シエラは、セヴィランの言葉に声を上げかけ、慌てて押し隠した。

鏡などない生活で、自分の瞳の色なんて知らなかった。

親も兄弟も、薄い茶色をしていたから、自分もそうだと思っていたのに。

どうやら、生前と同じ色をしているらしい。




シエラはそれでようやく、自分が家族の中でどう思われていたのかに気づいた。

出産のエピソードを聞いた覚えがあるから、自分は確かに、母から生まれてきた。

なのに、一人だけ目の色が違う。

それがどんな意味を持つのか、知らないほどの子供ではない。


とはいえ、働きづめで、兄と姉が二人ずついて、とてもじゃないが母には自由になる時間など一秒たりともない。

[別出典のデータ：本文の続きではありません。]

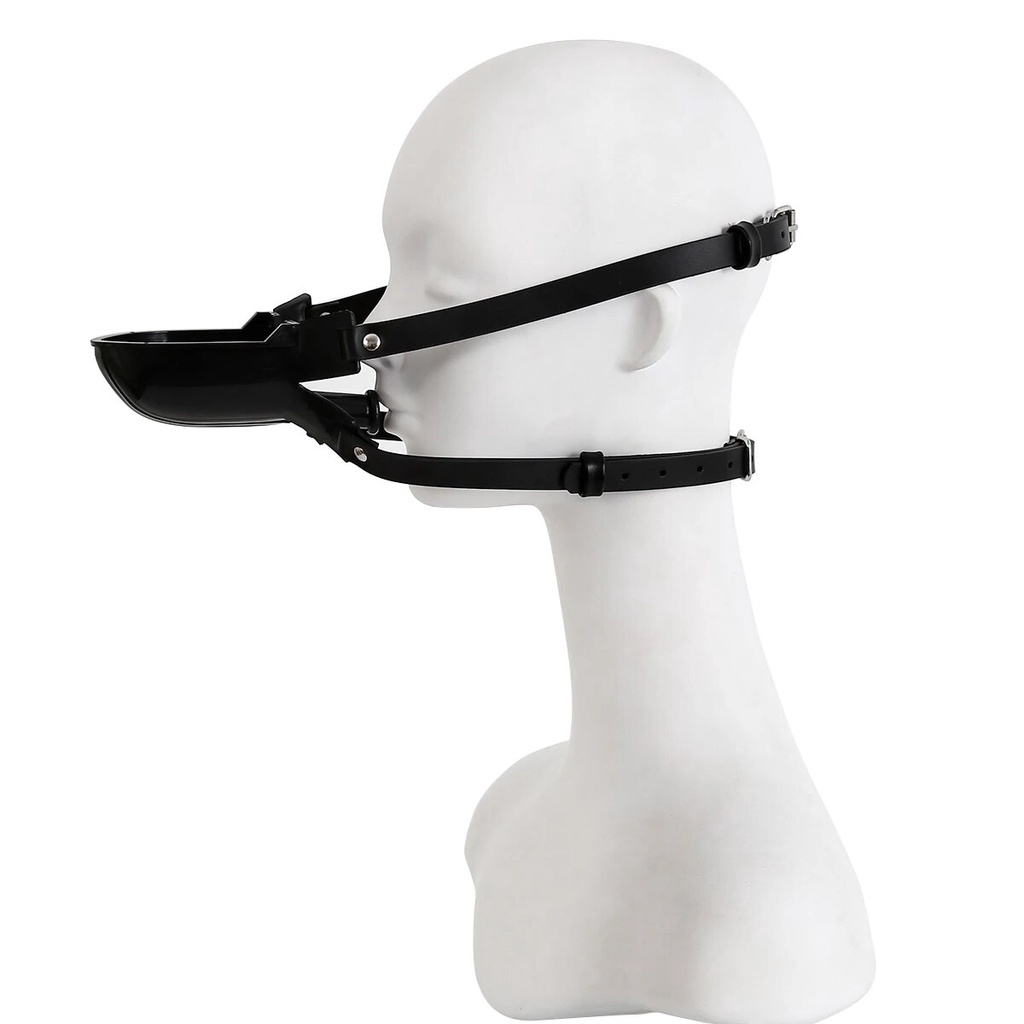 Mordaça De Sanitário Thierry Penalty Boca BDSM Beba Urina Com Arreios Sexo Adulto Brinquedos De Cachorro Piss Escravo Funil Erótico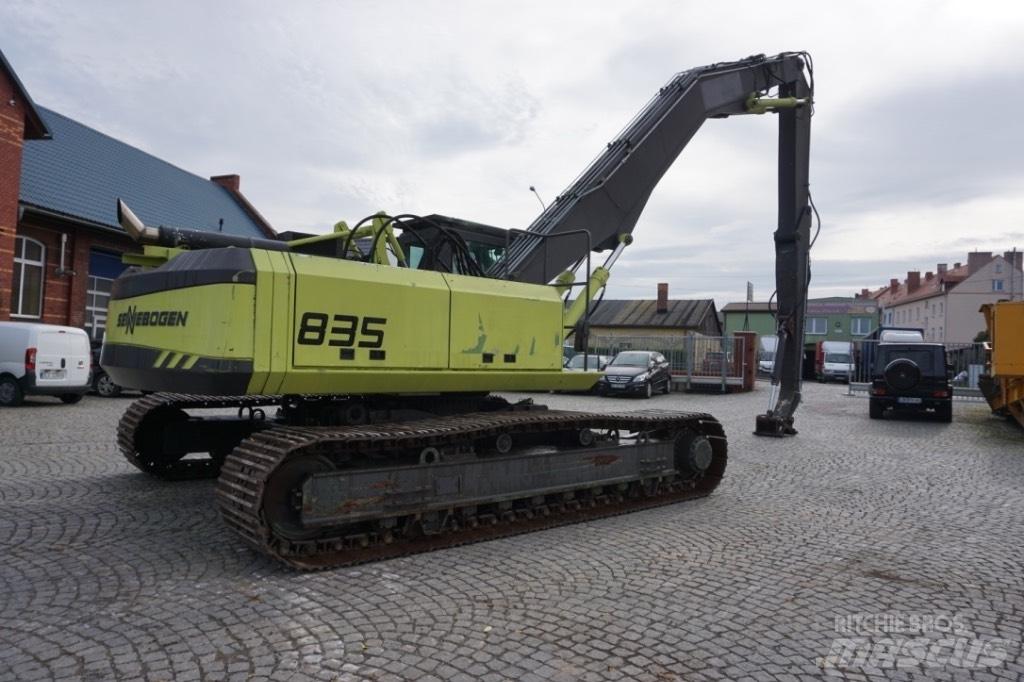 Sennebogen 835 Manipuladores de resíduos / indústria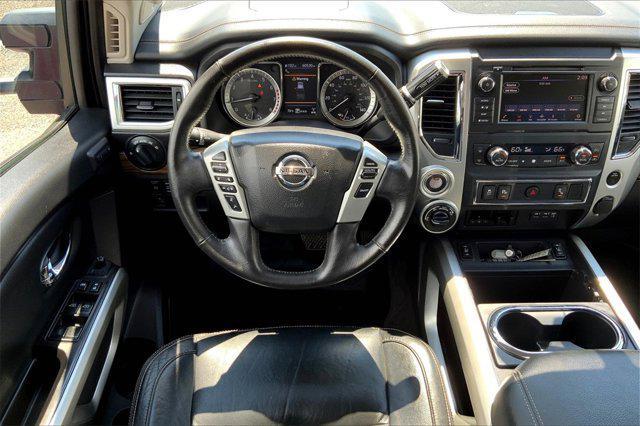 used 2019 Nissan Titan car, priced at $33,356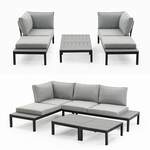 FORTIA 4-Piece Outdoor Furniture Setting $339 + Delivery ($0 to Selected Suburbs) @ Mytopia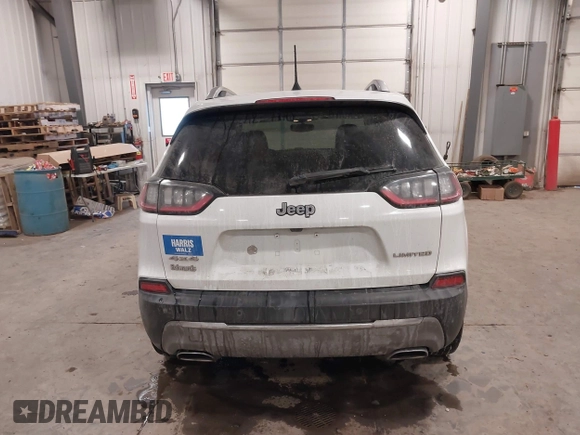 2019 Jeep Cherokee Limited z VIN 1C4PJMDX6KD138535, wystawiony jako IAAI lot #41551618 z przebiegiem 86 142 mil mil oraz . Historia ofert i sprzedaży dostępna na DreamBid. Obrazek 16.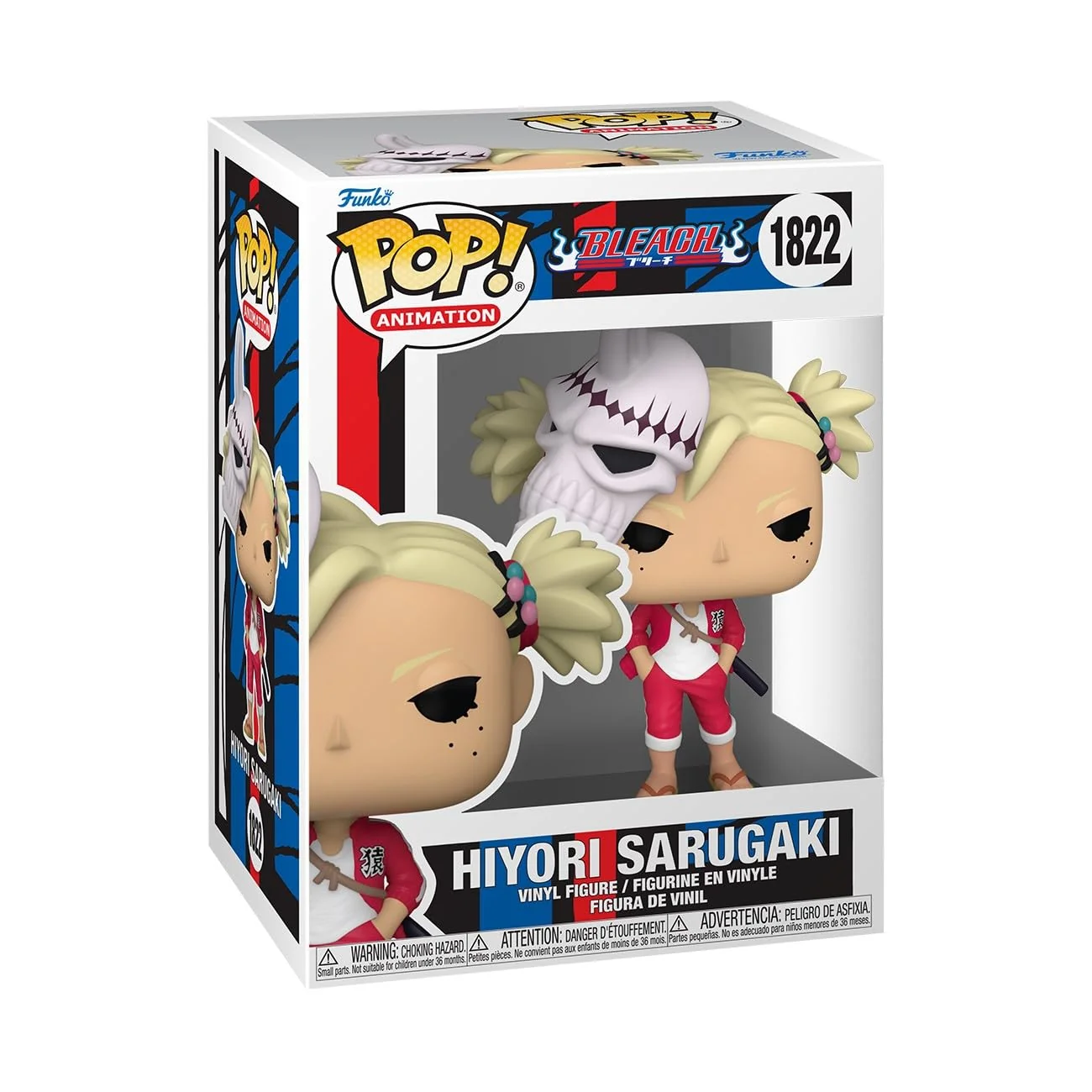 Solid Funko Pop Animation Bleach - Hiyori Sarugaki - Collectable Vinyl Figure - Gift Idea - Merchandise - Toys for Kids Adults - Anime Fans… Quality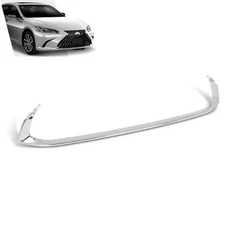Front Grille Lower Chrome Molding Trim For Lexus ES300H ES350 ES250 2019-2024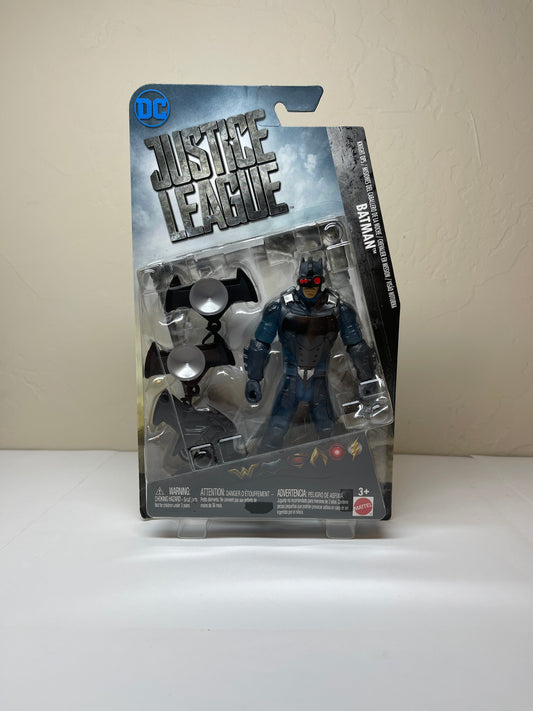 Batman DC Justice League Knight Ops Batman with Zip-Line Gear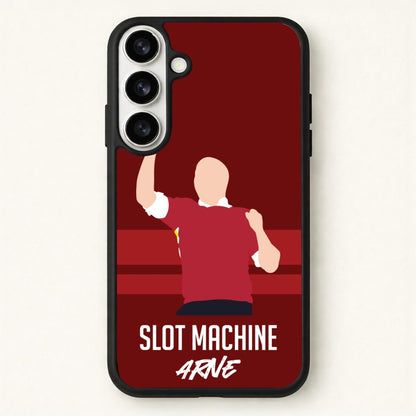 Slot Machine Arne Phone Case for Galaxy S26 Plus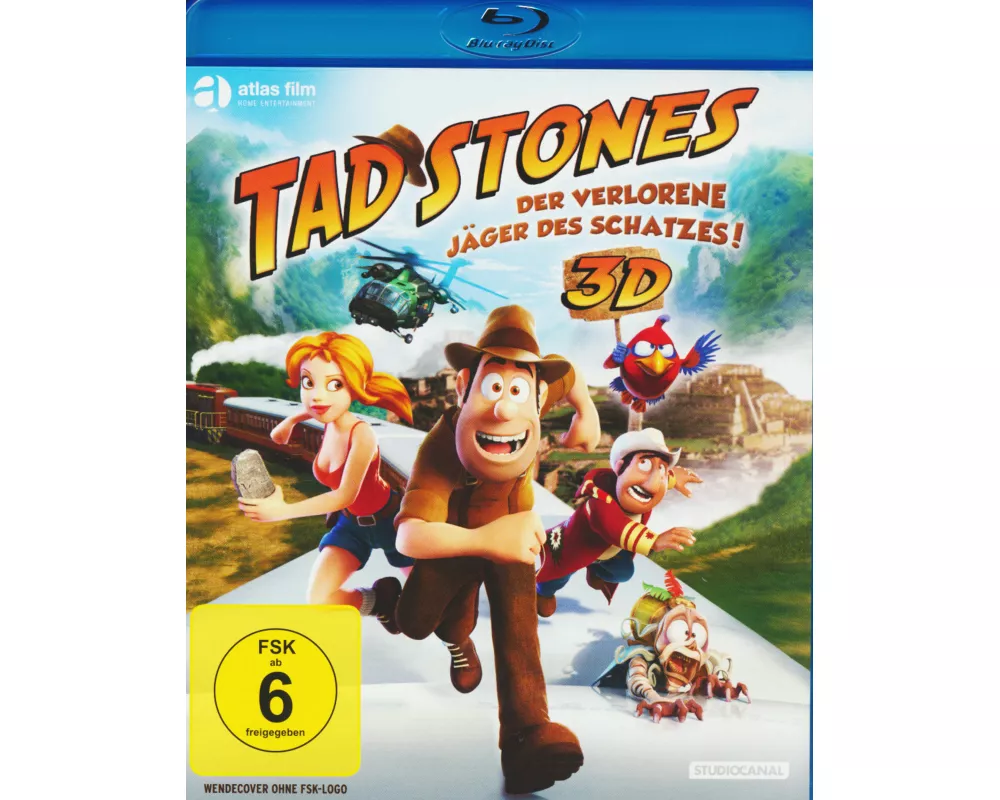 Tad Stones - Der verlorene Jäger des Schatzes!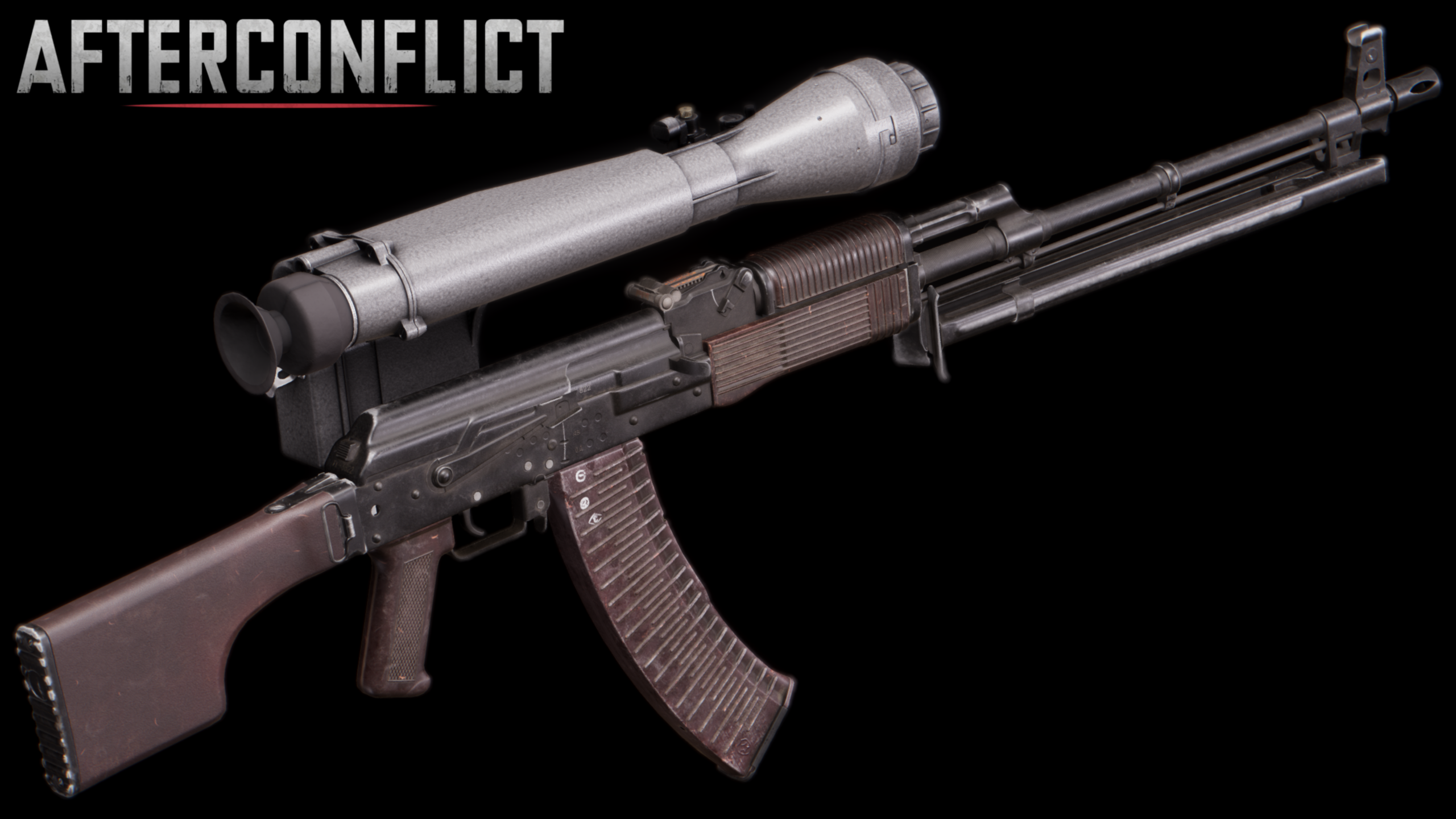 Steam Community :: Screenshot :: AK-74M 5.45x39 Assault Rifle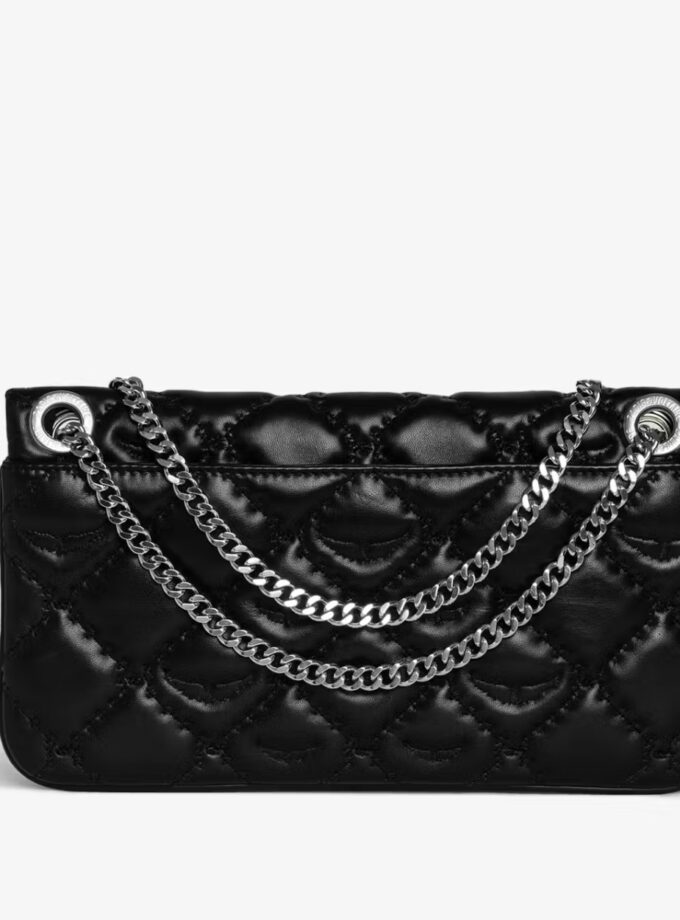 Bolso de mano Rock II Acolchado Monograma ZADIG ET VOLTAIRE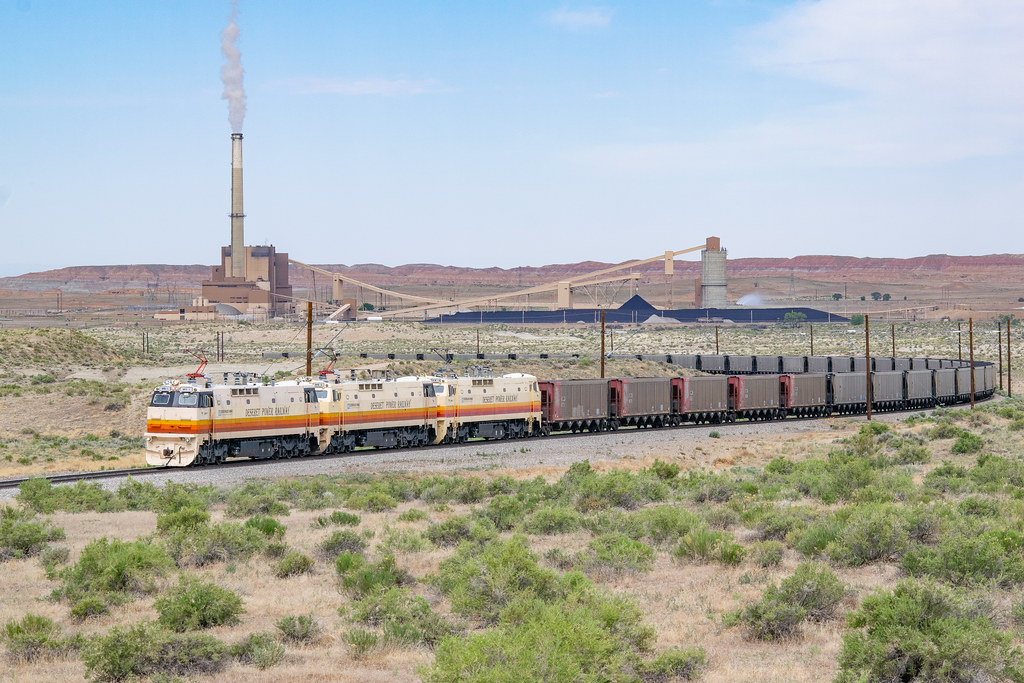 Departing Bonanza After unloading at the power plant in th… Flickr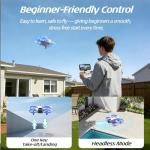 Kids Mini Drone with 1080P Camera and Gesture Control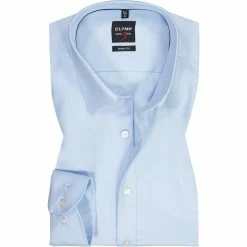Billig 👏 OLYMP Level Five Body Fit 0763/64/12 Hemd, Twill, Ozon 🎁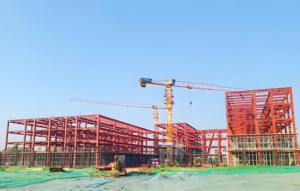 Structure en acier intégrée à plusieurs étages avec <span class=keywords><strong>panneau</strong></span> <span class=keywords><strong>de</strong></span> <span class=keywords><strong>toit</strong></span> léger - Product Image 2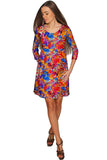 Summer Dizziness Gloria Fit & Flare Printed Dress - Women - Pineapple Clothing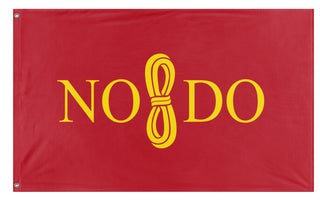 A mockup of the custom flag 'Seville City Flag' on a white background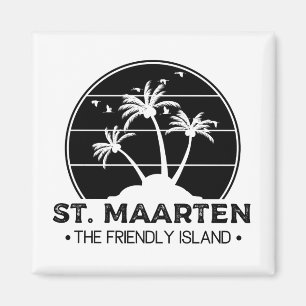 St. Maarten The good Island Sint Martin Magnet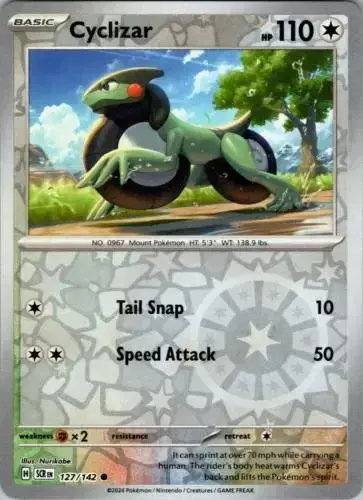 Cyclizar [Reverse Holo]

だから、母が不貞をした、とは誰も思わなかったのだろう。

問題があるのは母ではなく……シエラだということだ。

忌み子、取り換えっ子、言い方はいろいろあるが、要はまともに神から授かった赤子ではない。




だが、シエラが驚いたのは、そこではなかった。

ブルークオーツを思わせる、透明な青。

その瞳の持ち主を知らないですって?

この青は、アルノー家の特徴だ。

英雄である父の色だ。

それを知らない?

ということは……。




シエラは必死で頭を働かせた。

とりあえず、今最も恐ろしいのは、村に送り返されることだ。

次に、このまま拘束されてしまうこと。

両方を防ぐために、どうすればいいだろう。


とにかく……嘘はできるだけつかないほうがいい。

司祭はともかく、セヴィランは頭が切れそうだ。




「あの……そうなんです」

「うん?」

「家族でも、村でも、私だけ目の色が違って、ずっといじめられてきました。

 それで、本当のお父さんを探そうと思って、逃げて来たんです」


嘘ではないが、本当のことをちょっと省略してそう言った。

男たちは、途端に、気の毒そうな顔をする。


「ああ……そうだろうねえ」

「そうか、大変だったろうね」


人が良すぎるのではないか?

シエラはちょっと心配になったが、すこぶる都合が良いので、悲しそうな顔をしてみせた。


「でも……お知り合いにはいなそうなんですね……」

「うーん、俺はね。

 ロンドール、お前は?」

「俺もないな」

「あっ、でもほら、俺たちそんなに貴族の集まりに出てないし、知らないだけかもしれないし!」

「そうだな、俺はともかく、セヴィランも逃げ回っているからな」


なぜかにらみ合い出した男たちに、シエラは必死に言った。


「お父さんを探すのは無理そうだって分かりました、でも村には帰りたくないです!

 自分で仕事を見つけるので、送り返さないでください!」


同情してもらえているうちに解放されたい。

言い募るシエラに対し、男たちは、ちらりと横を見た。

そこにあるのはシエラのかばんと、取り出し並べられた中身だ。


堅パンのかけらが一個。

100シリン硬貨が四枚。

ショールが一枚。

下着が二枚。

以上。



「……とりあえずね、君の魔力はとても強いから、とてもこのまま解放はできないんだ。

 上司には報告しなくちゃいけない。

 俺は君の件で正式に出動しているから。

 でも、悪いようにはしない。

 だから、ちょっと待っててほしい」


真剣な顔でセヴィランに言われ、仕方なく頷いた。

シエラのためにこの事実をもみ消すなんて、あとでばれたら懲戒ものだ。

彼の言い分はよく分かった。




セヴィランが出て行き、目配せされて残った司祭が、正面の椅子に座りなおした。


「今日は、過激な上司は休日のはずだから、あとはあいつがなんとか言いくるめてくれるのに期待しよう。

一番いいのは、悪いことしません、っていう誓約をして解放されることだけど……」

「可能性はどれくらいですかね」

「15%ってとこかな……」

「低……」


シエラは仕方なく、出された水を飲んだ。

思った通りそれはとてもぬるい。

顔をしかめたシエラに気づいたのか、司祭は手を伸ばし、コップに手をかざして小さく呟いた。

ひんやりした温度が指先に伝わる。

一口飲んで、凍るぎりぎりまで冷やしてある水に、思わず笑みが出た。

司祭もにこりとし、平和な空気が流れた時。



部屋のドアが、バァン!と豪快に開けられた。



「こいつか、その魔力持ちの庶民っていうのは!!

 なんだぁ?

 くさっ、なんだ、小汚ねえな!!」



髭の、熊のような、軍服の大男。

情報部の過激な大佐(カーネル)、アティカ・ローズ。



その男が放った言葉に、14歳のシエラは……泣いた。